All during the 1940s and 1950s, the Spaun law office was two rooms on the south side of the second floor, which had been occupied in 1912 by the Columbia Land Oil and Gas Co.

In 1959, our father moved his office to the first floor, renting rooms previously occupied by James C. Chilton, physician.

During the decades of the 1940s and 1950s, Roy Hamlin, noted attorney and former Speaker of the House for the state of Missouri, occupied a suite of offices on the third floor, overlooking Central Park. Vivian Link, a prim and proper woman with a thin facial profile, was his secretary, and cheerfully passed out candy when we climbed those daunting steps to pay a visit.

On the second floor, in rooms previously occupied by Dr. Mary Sophia Ross, was the Equitable Life Insurance office managed by Richard Turner and William D. Speak. The office secretary was Corrie Glascock, a rotund woman who treated us children as if we were visiting dignitary.

Dr. George A. Hornback – the son of the Dr. E.T. Hornback who had the building constructed sometime prior to 1907, maintained his offices on the first floor, east side of the building. Dr.
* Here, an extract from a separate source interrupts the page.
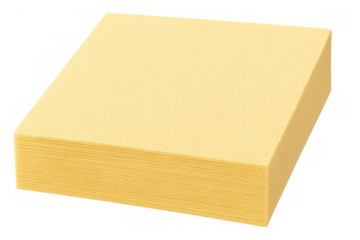 Stack of yellow sticky notes for quick reminders, organizing thoughts, and brainstorming ideas on a transparent background
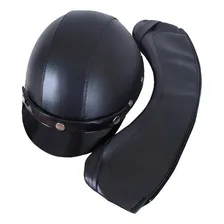 Capacete Couro Coquinho Pro Tork Custom Bike Moto cor preto Foto mini 3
Hornback fitted my older brother and me for our first glasses. My brother has worn glasses ever since; mine were pink and pitifully ugly and I chewed the ends off of the plastic earpieces, exposing wires that made them unwearable. I didn’t get another pair of glasses until I was in my 40s.

Our family grew to four and then to five children. Daddy moved his office from the south side of the second floor to the west side of the first floor in 1959, and the younger siblings picked up where the older siblings left off.
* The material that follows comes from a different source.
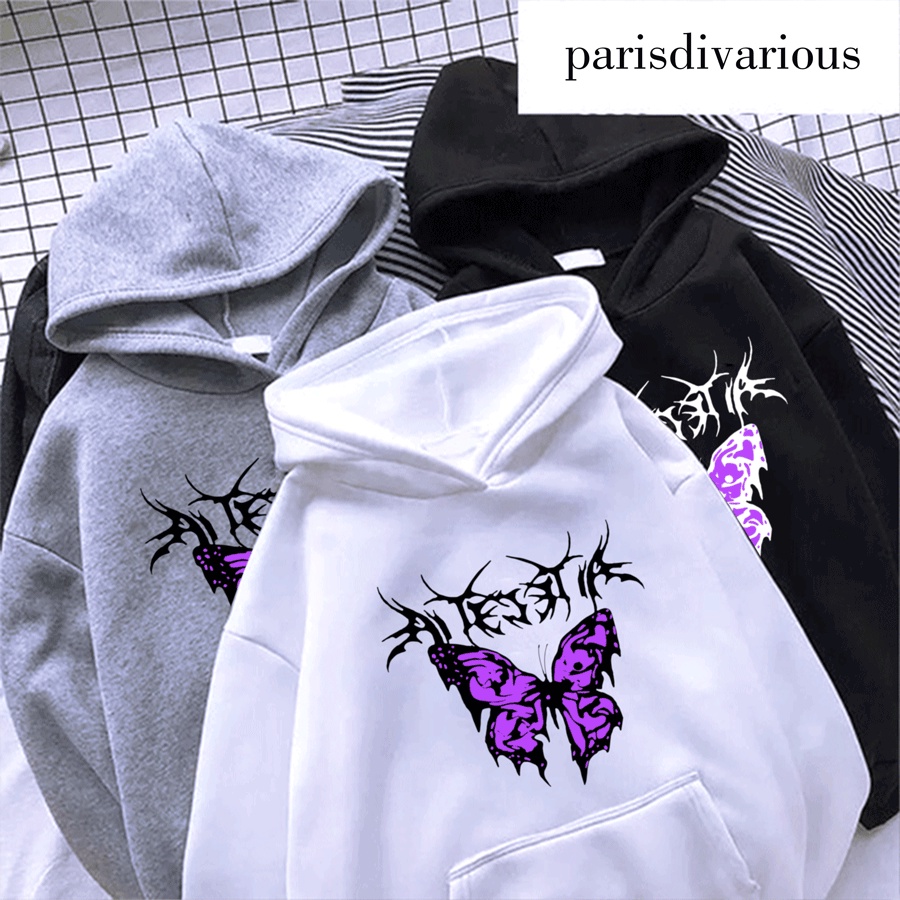 Parisdivarious Sweater Hoodie Jemper Akar Butterfly FC Bahan Fleece Size S - XXL (Pria &amp; Wanita)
I can still hear the sound of our steps on the dark old wooden staircase. I can still feel my hands rubbing against the carved wooden bannisters. I can still smell the combined odors associated with medicine and law books. I can picture where my dad’s secretary, Stella DeLaPorte, sat in the second-floor office. I remember how our youthful voices echoed when we hollered from the top floor to the bottom. The memories remain etched in my mind.

When I started out researching Dr. Mary Sophia Ross for a related history story, (click here to read it) I realized that this prominent Hannibal physician who started her medical career in Hannibal pre-1910 was still practicing medicine – and living - in the Hornback building when my father first moved to Hannibal in 1937. They were next-door neighbors. His earliest daily diary didn’t mention Dr. Ross, but did reveal how his hopes would rise when he heard people climbing the steps to the second floor of the building, only to have those hopes dashed when the people continued on past his office door, and up another flight of stairs to Roy Hamlin’s office.

The three storied structure, a testament to the times when walking up two flights of stairs to conduct business was a way of life, remains – in my humble opinion – one of the most structurally picturesque buildings in Hannibal.

Reflecting upon memories of some 50 years past demonstrate that to every thing, there is a season.